Problem statement:
Reproduce, exactly and in full, the records that follow, minus any pictures.

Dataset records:

----

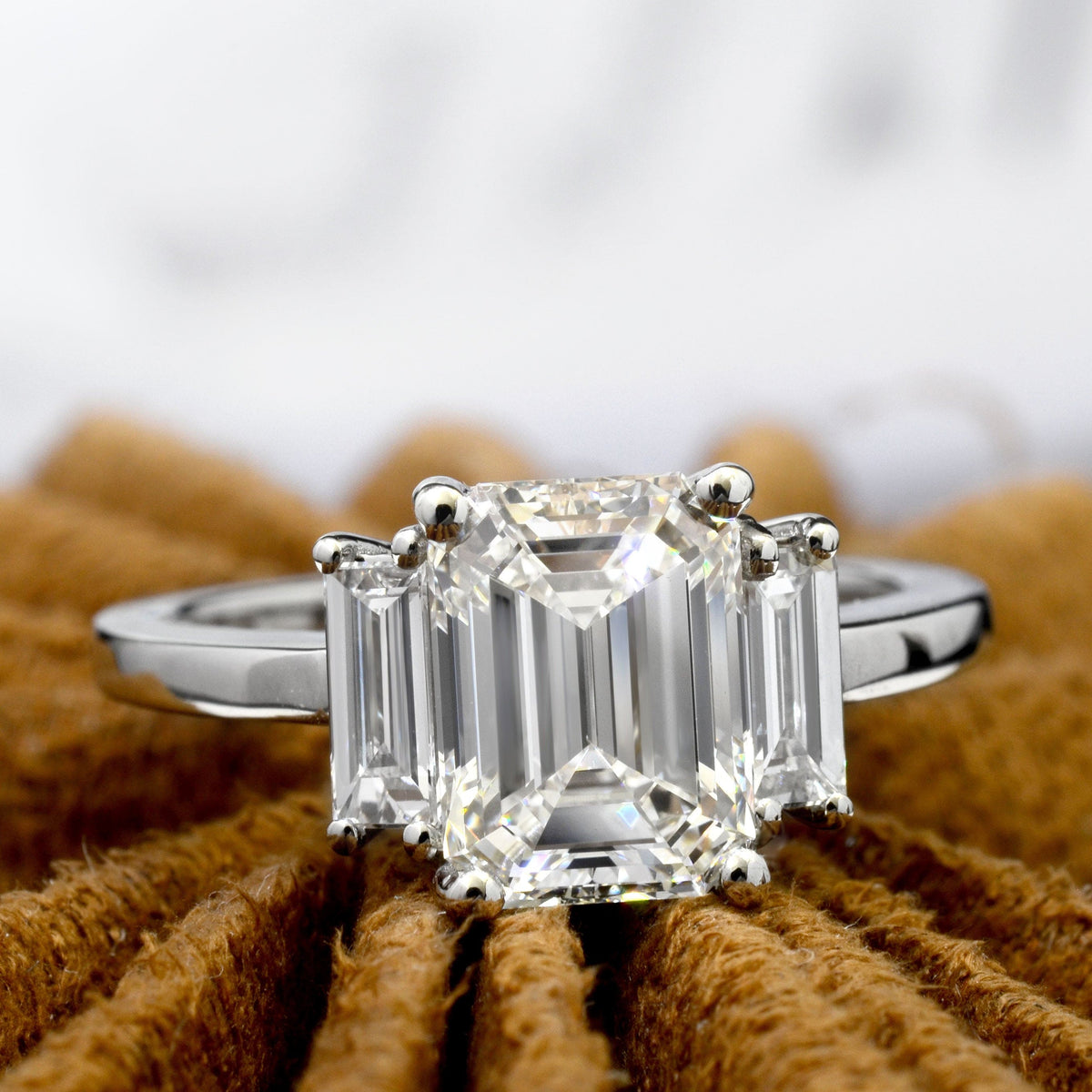 Emerald cut 3 stone engagement ring front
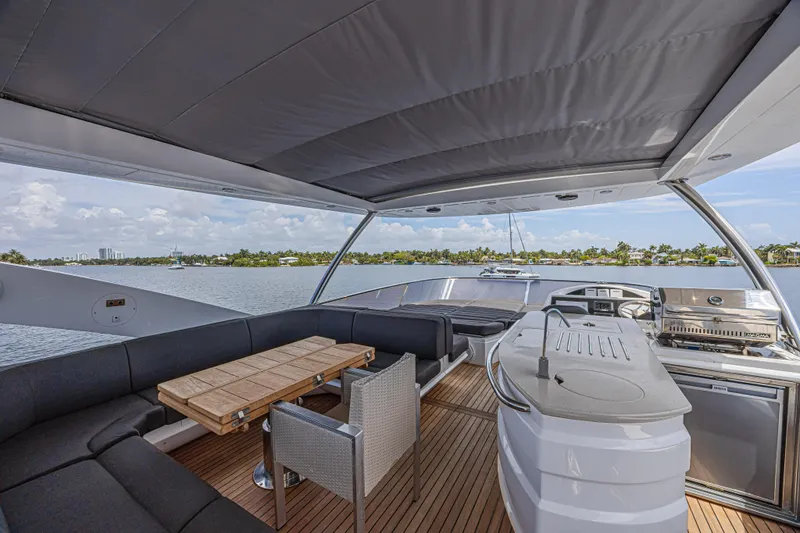 Dirty Dawg Yacht Photos Pics Luxurious 2017 Sunseeker 75 Yacht deck with seating, table, and grill, overlooking serene waters.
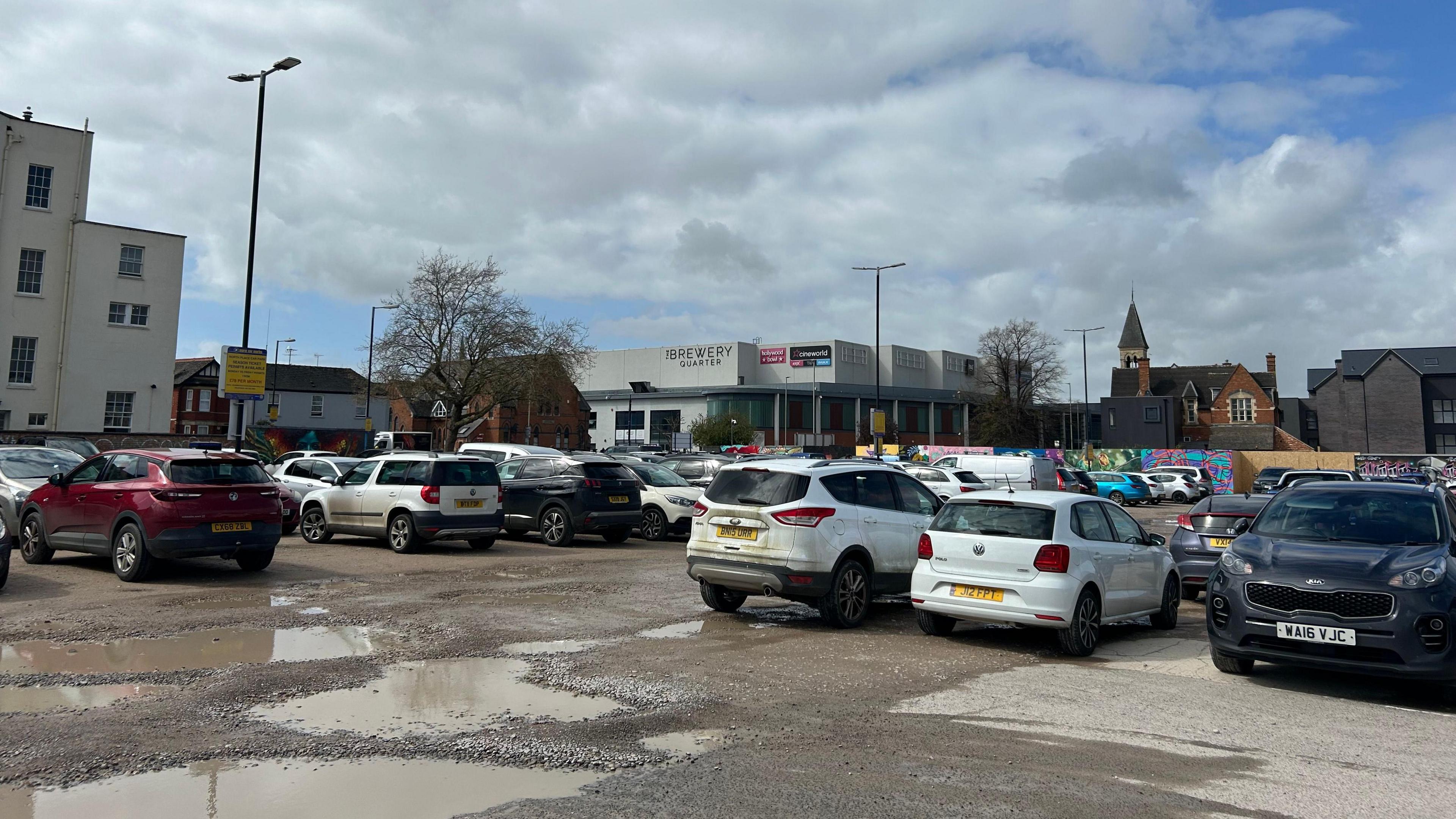 Cars parked in a car park with a wet surface, and water filling the potholes, and a shopping centre in the background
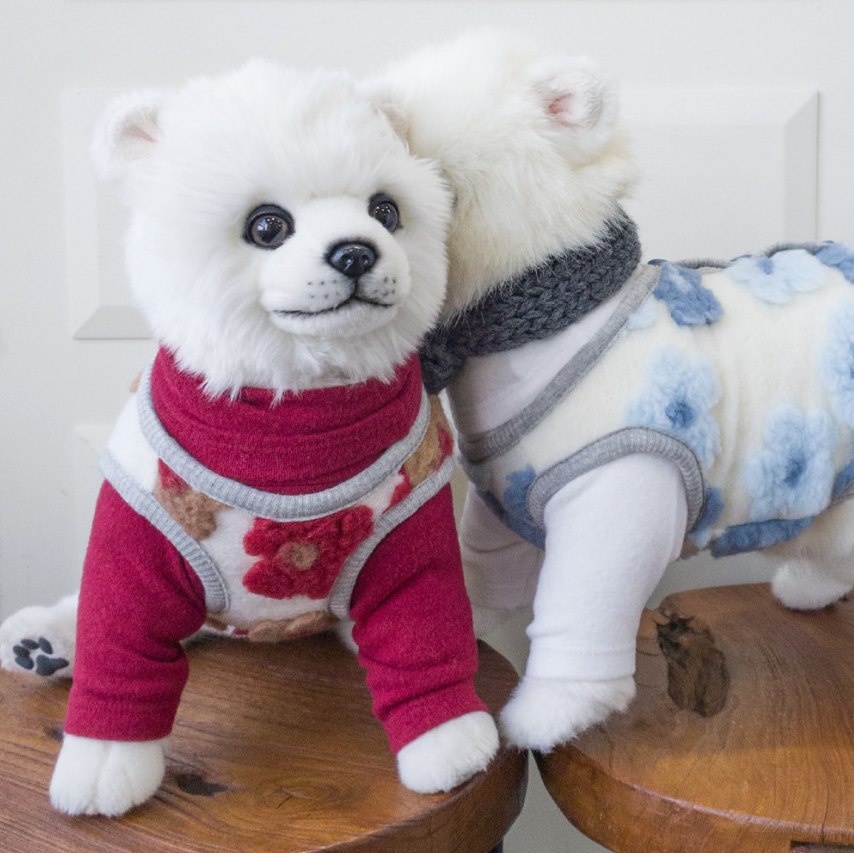 NKpup floral fleece dog vest in red with flower patterns and a blue floral fleece dog vest.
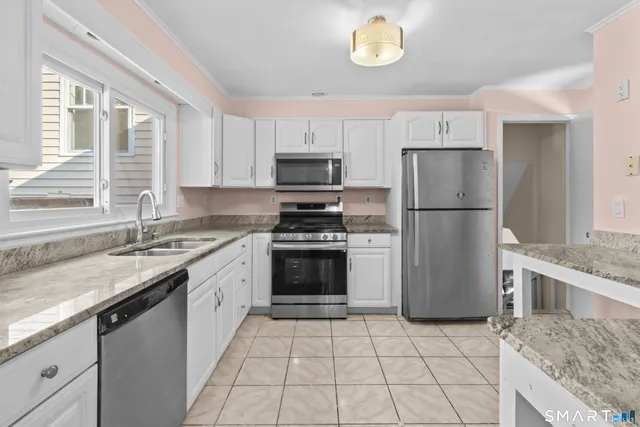 a kitchen with a stove a refrigerator and a sink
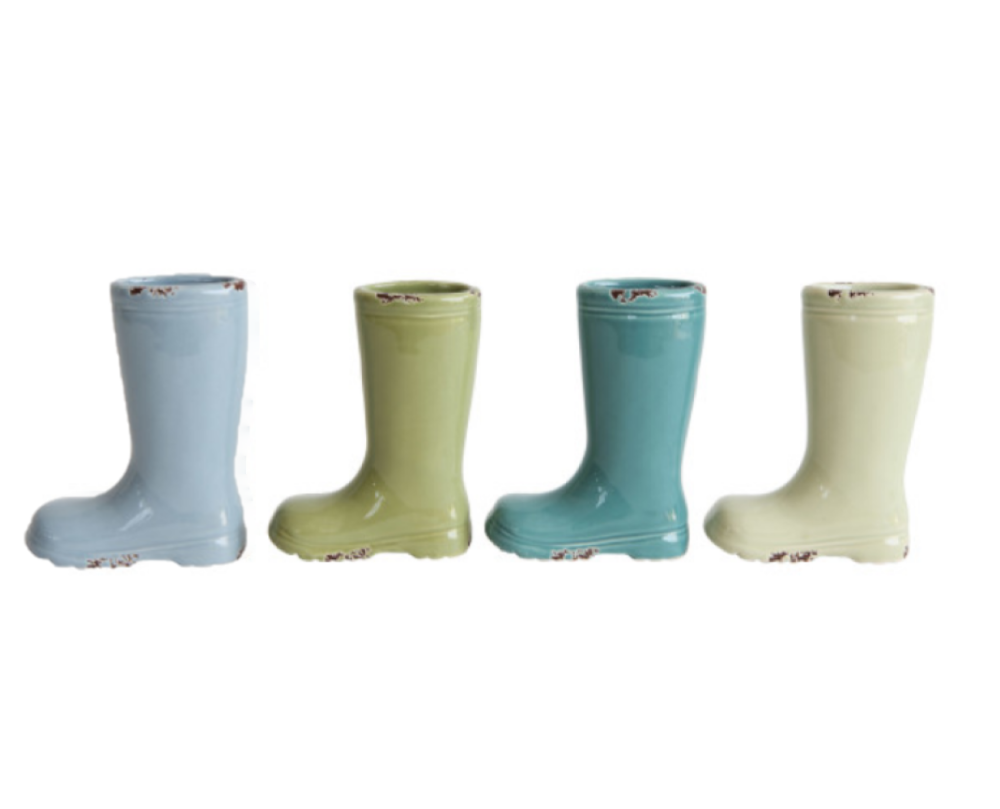 A set of four small stoneware vases in the shape of boots with distressed finishes and various colors.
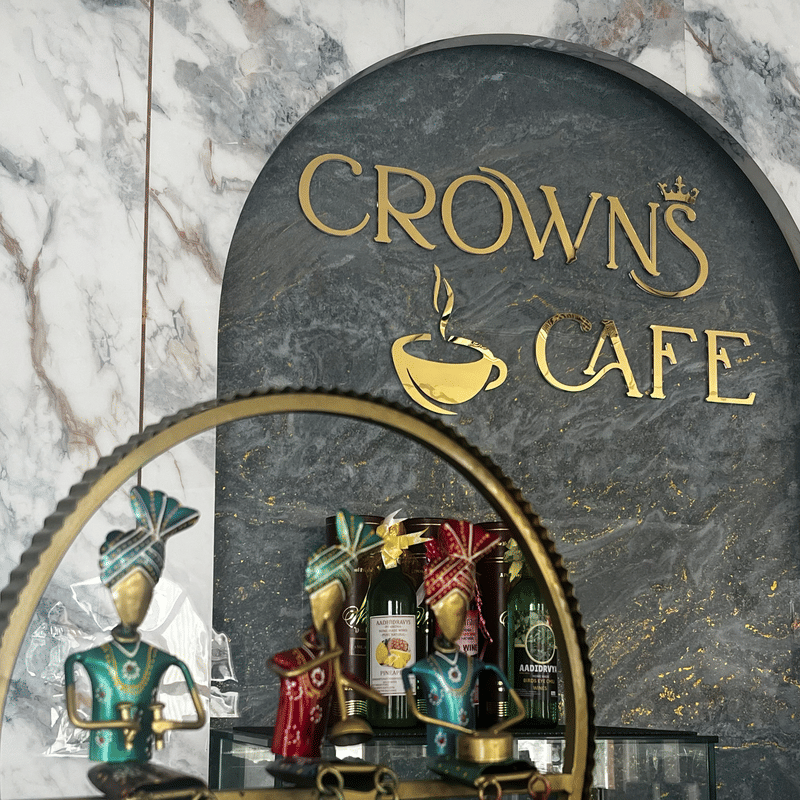 Painted figurines in a brass ring beneath the Crown Cafe sign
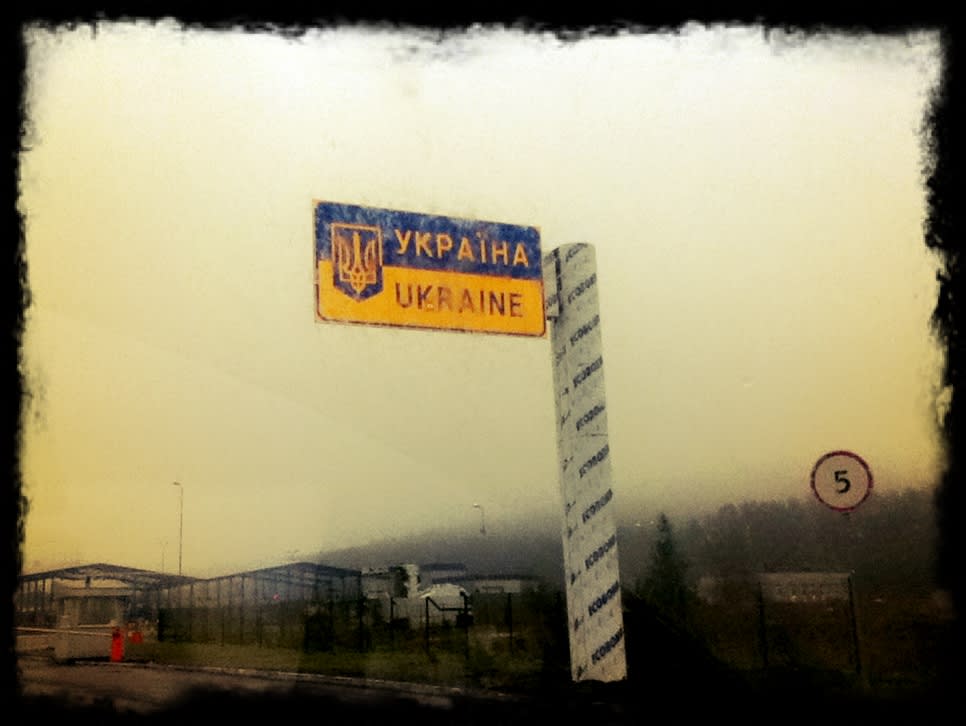 Roadside border sign reading Україна and Ukraine at a foggy frontier crossing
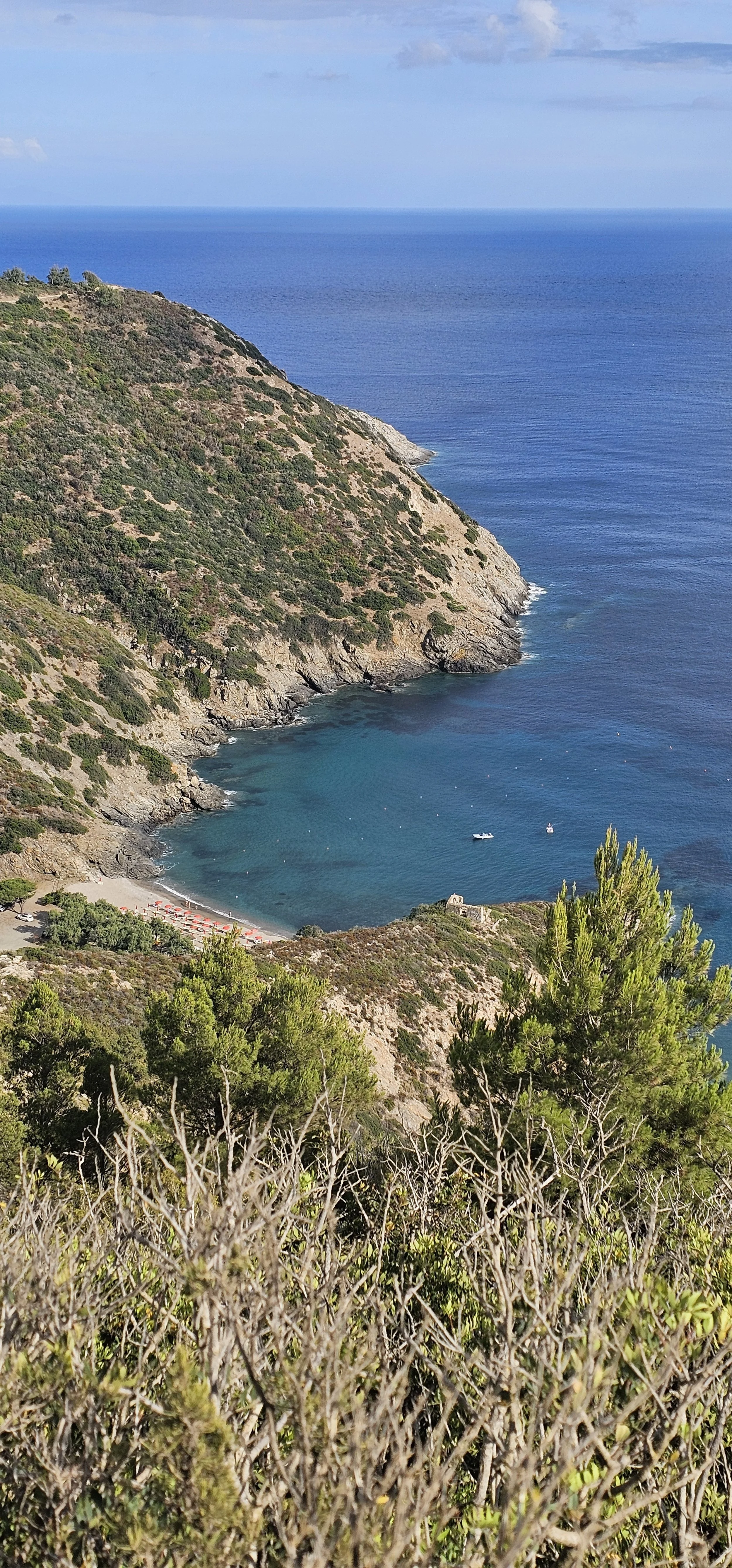 Paesaggio costiero con spiaggia, scogli e cielo azzurro, vista dall'alto di una baia circondata da colline verdi e arbusti.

----

Solution to this task:
 Emerald cut 3 stone engagement ring front
 Dirty Dawg Yacht Photos Pics Luxurious 2017 Sunseeker 75 Yacht deck with seating, table, and grill, overlooking serene waters.
 Cars parked in a car park with a wet surface, and water filling the potholes, and a shopping centre in the background
 NKpup floral fleece dog vest in red with flower patterns and a blue floral fleece dog vest.
 a kitchen with a stove a refrigerator and a sink
 A set of four small stoneware vases in the shape of boots with distressed finishes and various colors.
 Painted figurines in a brass ring beneath the Crown Cafe sign
 Roadside border sign reading Україна and Ukraine at a foggy frontier crossing
 Paesaggio costiero con spiaggia, scogli e cielo azzurro, vista dall'alto di una baia circondata da colline verdi e arbusti.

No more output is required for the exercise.